You can imagine it took an experienced if not skilled worker to operate such machines. You needed to have that feeling. The tables in the books gave you a start. Later you would use tables with parameters from the suppliers of the cutting inserts.

Workshop programming: controls assisting (un)skilled workers

So the target of that time was to support the man in front of the machine so that he could program faster and eventually get support for appropriate feed rates and cutting depths from the control directly.

This way of programming was called “workshop programming” vs. the place where full-time programmers did there job, which was already mainly the office at that time.

The main focus was to develop a control system which was “easy to program”. Do you already see the analogy?

Lack of skilled workers – not a phenomenon which developed over night

While there was one controls supplier who developed and refined that approach of an easy-to-program control over decades, others tried to rush it back in the 90s when it already became more and more difficult to get experienced and skilled staff for your workshop (or when you didn’t want to pay the price for them anymore).

When complexity kills simplicity

And then – between 2005 and 2010/2015 something happened which basically made this “easy to use” approach more or less obsolete: it was the rise of the 5-axis machine tools.

Why? As there are not so many skilled programmers who can think and program simultaneous 5-axis movements in G-code directly, you could have thought that this development must have pushed the workshop-programming.

There were several challenges, however. With two additional axes, these machines were already significantly higher in price. So you needed to find ways to use them more efficiently. Hence you didn’t want your machines standing when they were programmed (this was also mentioned from Jens when he talked about interrupting your money-making process, by the way).

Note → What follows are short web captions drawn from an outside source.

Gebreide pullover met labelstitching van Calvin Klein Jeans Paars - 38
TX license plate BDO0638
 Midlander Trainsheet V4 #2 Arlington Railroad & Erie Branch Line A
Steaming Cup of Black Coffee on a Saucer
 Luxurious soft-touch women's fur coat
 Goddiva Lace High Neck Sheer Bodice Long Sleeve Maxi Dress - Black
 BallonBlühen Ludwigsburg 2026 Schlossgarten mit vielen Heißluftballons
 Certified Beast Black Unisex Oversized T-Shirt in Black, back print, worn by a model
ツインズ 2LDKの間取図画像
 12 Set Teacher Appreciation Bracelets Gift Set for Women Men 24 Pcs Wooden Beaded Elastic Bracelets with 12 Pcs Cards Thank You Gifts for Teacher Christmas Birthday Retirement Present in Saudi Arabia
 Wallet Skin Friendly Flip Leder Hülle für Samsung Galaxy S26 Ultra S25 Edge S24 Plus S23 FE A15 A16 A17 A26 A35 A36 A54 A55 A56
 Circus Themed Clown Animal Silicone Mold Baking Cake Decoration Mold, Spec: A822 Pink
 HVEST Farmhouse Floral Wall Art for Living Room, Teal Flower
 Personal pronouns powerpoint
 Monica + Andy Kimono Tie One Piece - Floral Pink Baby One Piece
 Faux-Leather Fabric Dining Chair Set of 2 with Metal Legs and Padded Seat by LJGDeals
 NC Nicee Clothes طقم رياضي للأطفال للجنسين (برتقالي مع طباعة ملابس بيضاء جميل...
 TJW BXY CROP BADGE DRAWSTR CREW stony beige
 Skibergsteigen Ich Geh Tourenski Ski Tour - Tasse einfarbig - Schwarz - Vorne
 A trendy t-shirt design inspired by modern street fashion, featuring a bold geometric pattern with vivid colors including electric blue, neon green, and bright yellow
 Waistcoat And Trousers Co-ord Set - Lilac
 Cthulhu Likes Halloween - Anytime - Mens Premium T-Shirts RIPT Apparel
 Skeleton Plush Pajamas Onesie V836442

Another factor was complexity. You were mainly limited to work with cylindrical or prismatic raw parts and typically not with the real CAD data. Thus, your options were limited.

Why you need to have an efficient way of teaching your cobots

This is what I mean when I talk about moving cubes from one side of the table to the other. Piece of cake with easy to program robot systems – as shown on TV (or in YouTube). However, if it gets more complex I need to ask you: do you really want to teach your application?

In the beginning of the 2000s, computer power became so strong that CAD/CAM software became approachable and affordable. Today there are even reasonable open-source projects out there if you have no money, but time. No one is programming 5-axis applications by hand anymore (maybe besides Jürgen, whom I was working with back then during my time at Heller who kind of naturally seems to think in 5 axis). It would be simply too complicated and time consuming.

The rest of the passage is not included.